WHAT TO PRODUCE:
Leaving out the pictures, output the lines from the one that contains "170 Fort York Boulevard Unit 1702 photo 38" through the end of the material, exactly as they stand.

SOURCE DATA:
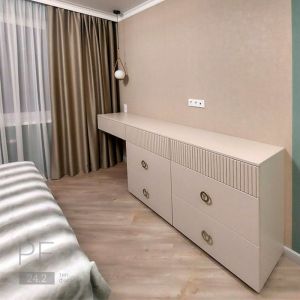 Комод и прикроватные тумбы для спальни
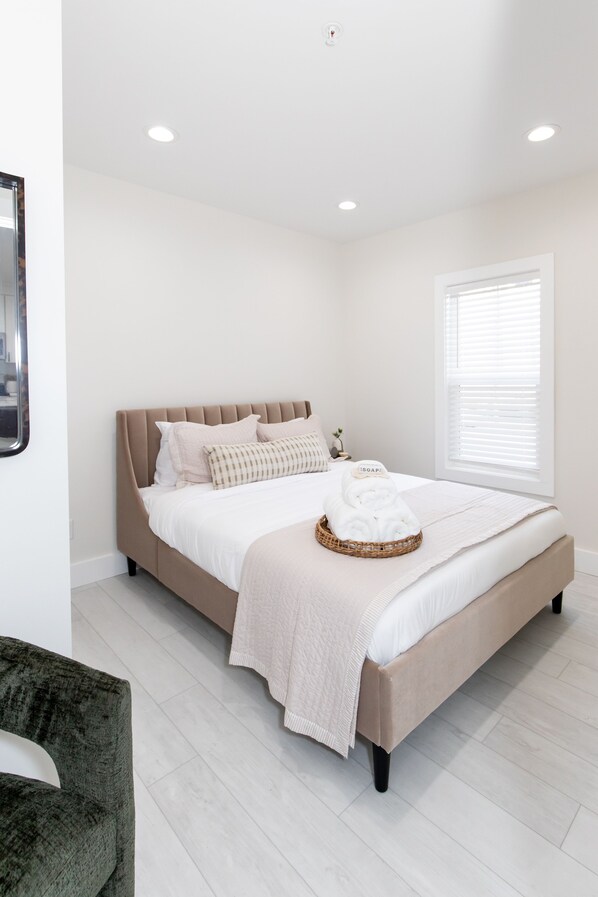 3 bedrooms, free WiFi, bed sheets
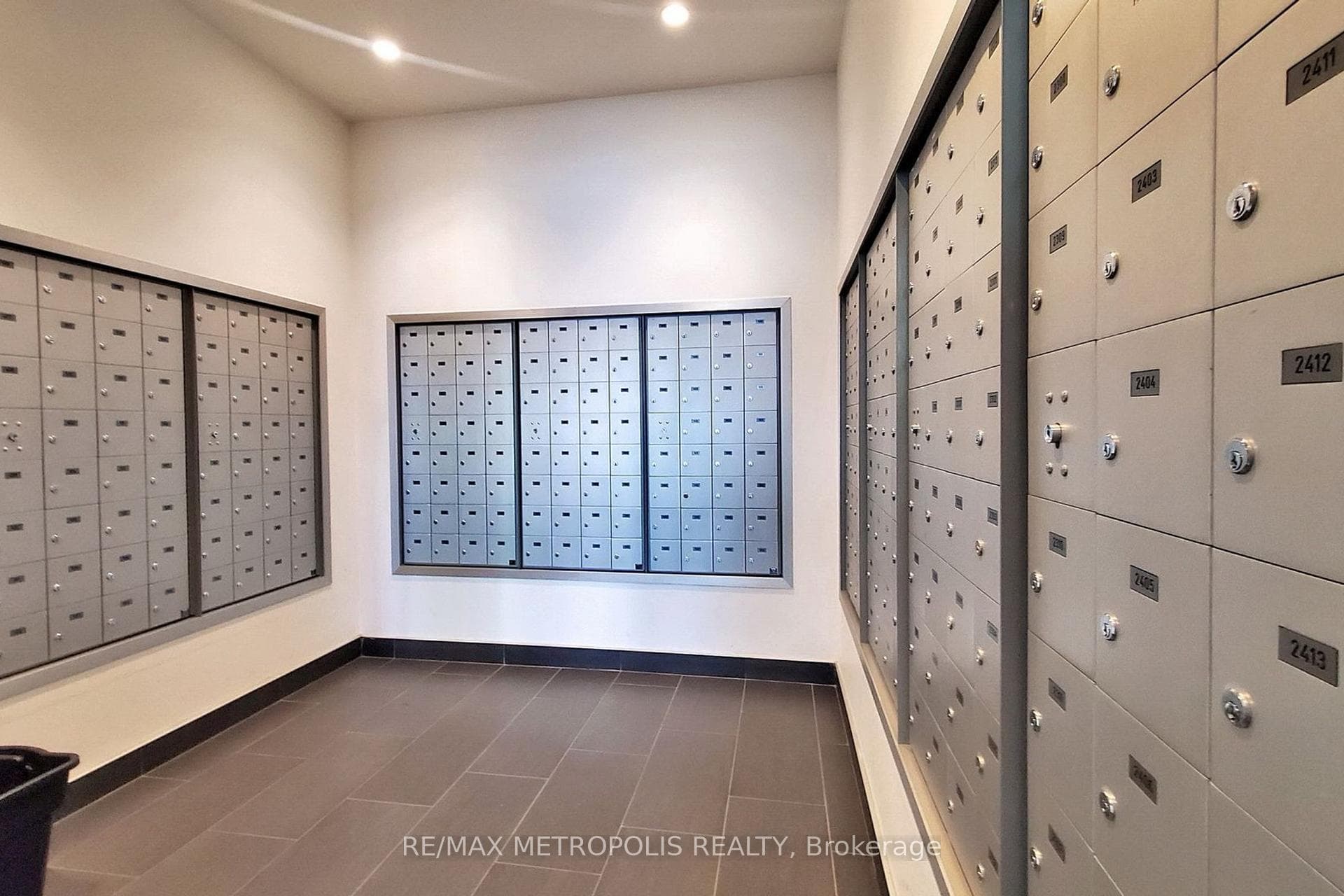 170 Fort York Boulevard Unit 1702 photo 38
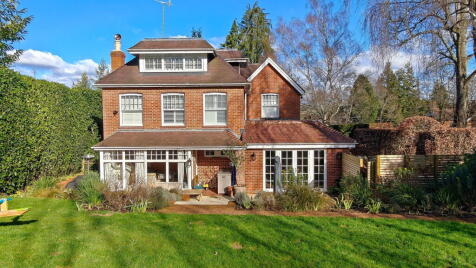 Brassey Road, Oxted, Surrey, RH8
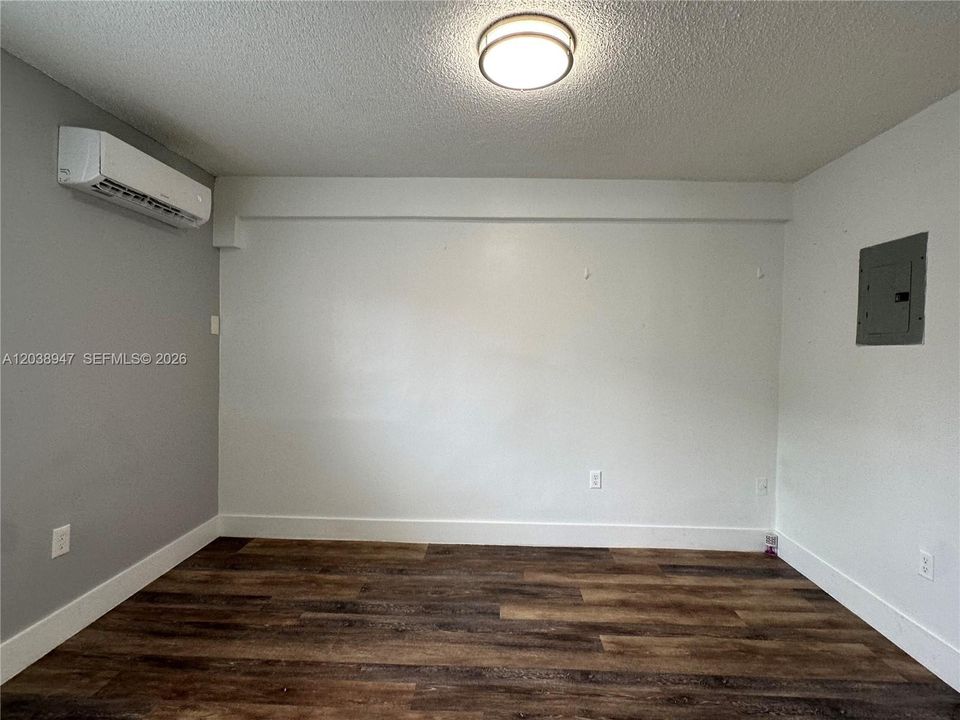 В аренду: $1,795 (1 спален, 1 ванн, 0 Квадратных фут)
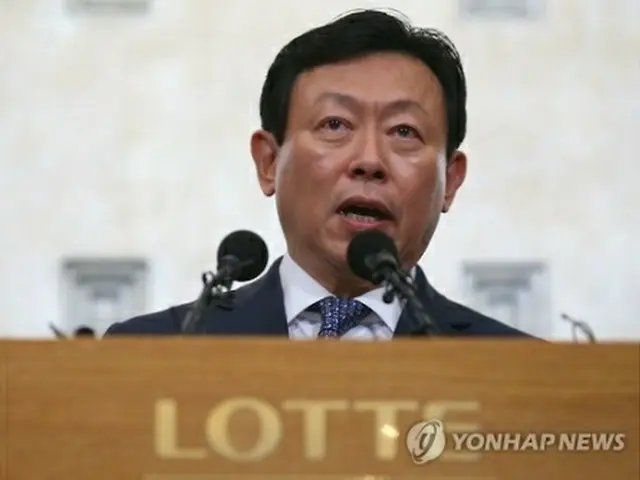 会見する辛東彬氏＝１１日、ソウル（聯合ニュース）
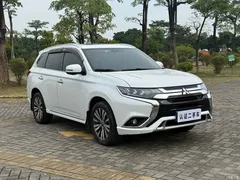 2021 Mitsubishi Outlander 2.4L 4WD Enjoy 7 seats, белый — фото 12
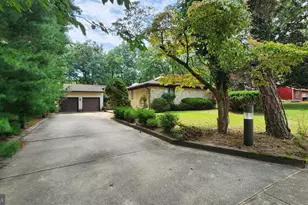 26 Briarwood Dr, Voorhees, NJ 08043 - Photo 3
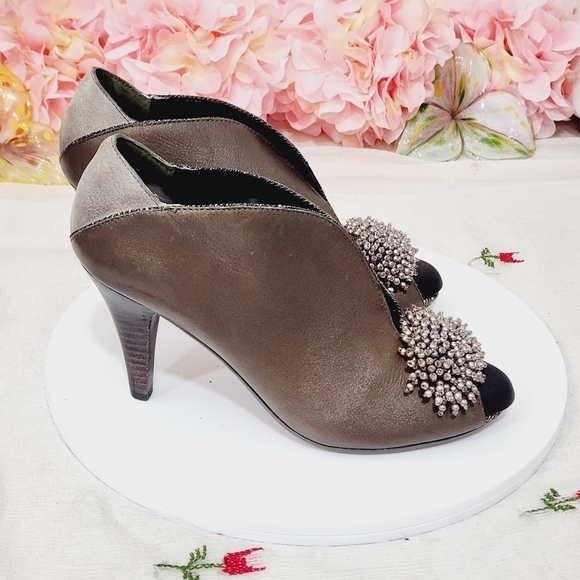 Anthro Poetic License Baby Cakes Toupe Deep V front Peep Toe Pumps Size: 7.5 - Picture 6 of 12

ANSWER FOR THIS EXERCISE:
 170 Fort York Boulevard Unit 1702 photo 38
 Brassey Road, Oxted, Surrey, RH8
 В аренду: $1,795 (1 спален, 1 ванн, 0 Квадратных фут)
 会見する辛東彬氏＝１１日、ソウル（聯合ニュース）
 2021 Mitsubishi Outlander 2.4L 4WD Enjoy 7 seats, белый — фото 12
 26 Briarwood Dr, Voorhees, NJ 08043 - Photo 3
 Anthro Poetic License Baby Cakes Toupe Deep V front Peep Toe Pumps Size: 7.5 - Picture 6 of 12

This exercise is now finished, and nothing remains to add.